The idea of a PLE (Personal Learning Environment) is that learners can configure different services and tools to develop their own learning environment, bringing together informal learning from the home, the workplace as well as more formal provision by education institutions. The PLE is controlled by the learner and as well as offering an environment for accessing different information and knowledge allows access to web based publishing and other opportunities for creating content and expressing and exchanging ideas. The idea behind the PLE is to harness the power and potential of social software and web 2.0 applications for learning. (Atwell, 2008).

However, we contend that from a Higher Education perspective, the whole personal learning agenda needs exploring with formal learning in mind, i.e. where a more deliberative approach to scaffold learning takes place to complement the more informal social activities that may go on using social software. Cook (2009) has argued that we need Personalised Learning Environments, which he defines as a loosely coupled set of tools and resources that are learner defined, i.e. where the learner creates their own context for learning (hence the use of the word Personalised as opposed to Personal). The European Commission funded MATURE project (http://mature-ip.eu/en/start) and the work of Van Harmelen (2007) provides a good example of the development of Personal Learning Environments and tools to support work-based learners on a learning journey. Cook (2009) describes the learner’s perspective within a Personalised Learning Environment, based on his involvement in the MATURE project, as follows. The learner is supported on a learning journey as they: (i) set their own learning goals; manage their learning (by managing both content and process); communicate with others across multiple contexts in the process of learning (i.e. support student experience of eLearning as they move between work/life/learning contexts); appropriate digital tools and media into the learning practice; and thereby achieve learning goals.

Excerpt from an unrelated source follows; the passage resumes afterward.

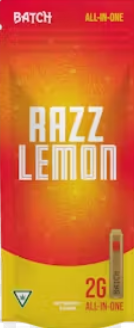 Photograph of product: Batch Flavors - Razzlemon - Disposable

But Personalised Learning Environments (or PLEs from now on) are also about imposing the personal on the technical and providing 24/7 access to educational support. Because there is a real need to support more formal education, this paper looks at the work of the Centre for Excellence in Teaching and Learning (CETL) in Reusable Learning Objects (RLOs) and how this work on formal learning has been used to promote personalised learning at two UK Higher Education Institutes (HEIs). These reusable learning objects provide bite-sized scaffolding for learning and can be seen as one of the building blocks for the PLE, which we conceived as a loosely coupled set of tools and resources.

The CETL in Reusable Learning Objects is one of 74 CETLs being funded by the UK’s Higher Education Funding Council for England (http://www.rlo-cetl.ac.uk/). It is developing a range of multimedia learning objects that are stored in repositories, accessed over the Web or from mobile phones, and integrated into course delivery. London Metropolitan University (London Met) is the lead site, in partnership with the Universities of Cambridge and Nottingham. The RLOs are designed with pedagogy as a central concern, along with the requirement that they should be able to be reused by other tutors and institutions, and in different contexts (Boyle & Cook, 2001) and accommodate different types of users (students and tutors). In this sense RLOs have the potential to be added into the mix of a PLE at a time when a learner decides they need specific support.